>>>>
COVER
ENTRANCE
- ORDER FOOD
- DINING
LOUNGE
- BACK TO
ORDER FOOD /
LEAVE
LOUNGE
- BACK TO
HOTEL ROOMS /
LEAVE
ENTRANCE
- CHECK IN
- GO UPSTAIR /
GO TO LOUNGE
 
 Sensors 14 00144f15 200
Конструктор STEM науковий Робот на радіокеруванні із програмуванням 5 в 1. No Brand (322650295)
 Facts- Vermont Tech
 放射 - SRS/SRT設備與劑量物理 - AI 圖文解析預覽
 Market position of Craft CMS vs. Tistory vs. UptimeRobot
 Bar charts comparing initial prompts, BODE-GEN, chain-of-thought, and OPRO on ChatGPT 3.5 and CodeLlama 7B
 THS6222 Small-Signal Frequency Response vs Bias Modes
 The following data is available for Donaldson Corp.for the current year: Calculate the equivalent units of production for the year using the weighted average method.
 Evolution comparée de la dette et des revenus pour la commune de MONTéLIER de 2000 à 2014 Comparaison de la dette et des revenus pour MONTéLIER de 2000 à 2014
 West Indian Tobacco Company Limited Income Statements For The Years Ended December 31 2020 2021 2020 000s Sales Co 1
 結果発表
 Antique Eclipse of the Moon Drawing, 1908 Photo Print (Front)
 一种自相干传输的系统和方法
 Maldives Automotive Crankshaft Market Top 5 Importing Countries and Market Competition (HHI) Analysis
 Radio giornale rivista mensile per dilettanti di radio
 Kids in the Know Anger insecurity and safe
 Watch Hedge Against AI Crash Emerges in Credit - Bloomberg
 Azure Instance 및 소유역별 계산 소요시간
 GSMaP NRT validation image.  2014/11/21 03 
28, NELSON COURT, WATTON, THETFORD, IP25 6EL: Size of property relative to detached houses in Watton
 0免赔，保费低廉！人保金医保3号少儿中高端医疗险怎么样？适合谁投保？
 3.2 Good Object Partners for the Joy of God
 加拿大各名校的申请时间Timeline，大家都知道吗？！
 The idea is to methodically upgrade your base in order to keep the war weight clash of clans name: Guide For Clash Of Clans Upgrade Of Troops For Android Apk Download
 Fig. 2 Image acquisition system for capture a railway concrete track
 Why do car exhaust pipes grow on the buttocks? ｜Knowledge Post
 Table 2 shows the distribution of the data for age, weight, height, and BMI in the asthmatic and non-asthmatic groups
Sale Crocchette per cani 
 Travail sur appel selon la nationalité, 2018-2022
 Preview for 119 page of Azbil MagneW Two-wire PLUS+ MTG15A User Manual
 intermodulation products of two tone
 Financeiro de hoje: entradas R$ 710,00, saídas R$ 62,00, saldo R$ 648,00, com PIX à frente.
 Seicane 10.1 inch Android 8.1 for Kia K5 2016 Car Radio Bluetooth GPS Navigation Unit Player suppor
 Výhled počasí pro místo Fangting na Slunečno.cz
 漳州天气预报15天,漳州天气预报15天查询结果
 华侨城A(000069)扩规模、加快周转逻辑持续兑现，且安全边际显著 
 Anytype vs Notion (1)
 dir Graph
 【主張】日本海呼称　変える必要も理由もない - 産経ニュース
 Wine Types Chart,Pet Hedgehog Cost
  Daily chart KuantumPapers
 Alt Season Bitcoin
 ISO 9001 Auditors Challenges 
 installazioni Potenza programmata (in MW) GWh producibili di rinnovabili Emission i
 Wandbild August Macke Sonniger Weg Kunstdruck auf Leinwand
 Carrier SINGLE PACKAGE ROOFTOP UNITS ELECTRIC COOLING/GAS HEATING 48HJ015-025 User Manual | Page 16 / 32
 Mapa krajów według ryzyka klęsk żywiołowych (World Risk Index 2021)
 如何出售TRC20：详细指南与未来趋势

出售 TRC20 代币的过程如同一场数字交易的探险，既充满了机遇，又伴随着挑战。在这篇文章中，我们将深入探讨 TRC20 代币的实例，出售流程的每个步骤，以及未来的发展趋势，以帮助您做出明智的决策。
<<<<
YOUR ASSIGNMENT
Within the entries, find all lines holding "Android" and copy each one.

RESPONSE AREA
 The idea is to methodically upgrade your base in order to keep the war weight clash of clans name: Guide For Clash Of Clans Upgrade Of Troops For Android Apk Download
 Seicane 10.1 inch Android 8.1 for Kia K5 2016 Car Radio Bluetooth GPS Navigation Unit Player suppor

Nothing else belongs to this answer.